We’re back from an all-too-brief trip to Maine. We ate lots of seafood, hiked around, got out on the water, and gulped down as much of the salty, energizing shoreline air as our lungs could stand. We enjoyed temperatures that never got above the 70s and evenings where the thermometer dipped down into the 50s, windshirts and hoodies were required attire, and windows were kept open for optimal sleeping conditions.
When I get back from a vacation, I always try to hang on to the relaxed vacation mindset as long as possible. I hope to retain some Maine on the brain — for a few days, at least.
I’m a fan of the Maine State Ferry Service. That’s because the MSFS provides regular ferry runs from points along the mainland to the islands found up and down the Maine coastline. If you’re a landlubber like me and just want to get out on the water, you don’t need to charter a boat — you can just hop on a ferry and move from point A to point B the same way the locals do.
Yesterday morning Kish and I took a ride on the Bass Harbor to Frenchboro ferry. For a mere $10 a person, the ferry takes you away from the harbor, past islands and working lobster boats, to the tiny island town of Frenchboro. If you’re just along for the ride, like we were, it’s a pleasant two-hour trip. And if you see a porpoise, as we did, it’s an even better deal.
When the left the dock at 8 a.m. sharp, some morning fog was still hugging the islands, wrapping them like a moist gray blanket, as shown in the photo above. On the open water, though, it was a brilliant, blue sky day, with lots of activity from the lobster-catching contingent.
After we cruised into the snug harbor at Frenchboro, a gaggle of locals came on board. For them, the ferry is routine stuff, and they sat up front, chatting away without a second glance at the no doubt familiar scenery. Kish and I, on the other hand, sat in the back, the better to get unimpeded views of everything going on around us. How often do flatlanders from the Midwest get a dockside view of a real working harbor and fishermen who think nothing of knocking back a can of beer at 9 a.m., the better to kick start their trip to the mainland?

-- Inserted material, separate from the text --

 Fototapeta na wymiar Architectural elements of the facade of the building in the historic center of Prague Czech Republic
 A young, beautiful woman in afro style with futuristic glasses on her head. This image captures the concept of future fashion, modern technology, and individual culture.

When we looked into taking a ferry ride, the woman behind the desk at the ferry office recommended the Frenchboro ferry as more scenic than the Swan Island ferry, which uses a much bigger boat that also carries cars and trucks. It was good advice.
Yesterday we ventured over to Acadia National Park to hike up Mount Cadillac — the towering peak situated right on the coastline that is the first place in America struck by the rays of the rising sun. It’s a popular destination that offers staggering views of the jagged Maine coast. Most people drive up to the top — but heck, anybody can do that. Hiking up is more fun and a bit of a challenge, besides.
We chose the south ridge trail, which begins along a road and, for the first mile of so, takes you through a dense, almost primeval forest. At that point you emerge above the tree line and are exposed to the first of the sweeping vistas that this hike affords — with views that just get better and better as you gain altitude. You follow blue trailblazing signs painted on trees and then on the granite of the mountain itself, as well as rock cairns that also mark the way.
The trail takes you along the granite spine of the mountain, shown in the first picture above, and you actually feel like you are moving from knob to knob on the gigantic backbone of a huge, hunched-over creature. Eventually you are treated to a commanding view in all directions and can see dozens of miles to faraway peaks in the Appalachian chain. You also pass a beautiful pond that is covered with velvety, impossibly green shoots, shown toward the middle of the photo below, and you wonder: “what is that doing way up here?”
It’s not a difficult climb, but it’s a rewarding one nevertheless. When you reach the top, having clambered up the last few rock faces, you can stare slack jawed in any direction. The rocks at the top are covered with people, and no wonder — the scenery is spectacular. It’s one of those spots that simply can’t be captured in a photograph. But I’ll always remember it.